Jakarta (ANTARA) - Wakil Menteri Agama Romo HR Muhammad Syafi’i menegaskan bahwa Indonesia cerah di era pemerintahan Presiden Prabowo Subianto dan Wakil Presiden Gibran Rakabuming Raka.
"Cuaca cerah hari ini menyambut kita di Bandung. Mungkin ini pertanda bahwa masa depan Indonesia juga akan cerah," ujar Wamenag dalam keterangannya di Jakarta, Kamis.

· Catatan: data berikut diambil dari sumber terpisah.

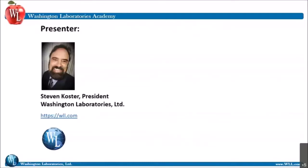Steve Koster, President of Washington Laboratories LTD, has over 30 years of experience in testing systems and devices for regulatory compliance. His expertise spans a full range of product evaluation from IT, medical, machinery, measuring, and communication, including wireless. He heads the Washington Laboratory team accomplishing all manner of product compliance evaluations. He is presently on the TCB Council Board of Directors and on the ACLCAS Executive Committee. Let's turn our attention to emission measurements for electrical and electronic equipment with Steve Koster.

Pernyataan Wamenag tersebut disampaikan saat menjadi pembicara pada Studium Generale bertajuk "Mewujudkan Ketahanan Nasional: Sinergi Generasi Muda dalam Mendukung Visi Indonesia Emas 2045" di Aula Barat, Institut Teknologi Bandung (ITB), Rabu (16/4).
Data yang dirilis oleh Labkurtannas Lemhannas RI menunjukkan bahwa nilai ketahanan nasional Indonesia berada pada angka 2,87, dalam kategori cukup tangguh.
Dari delapan gatra utama (asta gatra), aspek sosial budaya mendapatkan nilai 2,55. Sebaliknya, demografi menempati posisi tertinggi dengan skor 3,20, mencerminkan kekuatan dari jumlah penduduk usia produktif/bonus demografi.
"Ketahanan sosial budaya adalah fondasi persatuan bangsa. Sebagai salah satu syarat memperkuat capaian ekonomi, politik, hingga pertahanan," kata Wamenag.
Baca juga: Wamenag: Gestur politik Prabowo gambarkan demokrasi Indonesia
Pertanyaan mahasiswa dalam sesi diskusi menyoroti mengapa ketahanan sosial budaya masih rendah, serta langkah konkret pemerintah ke depan.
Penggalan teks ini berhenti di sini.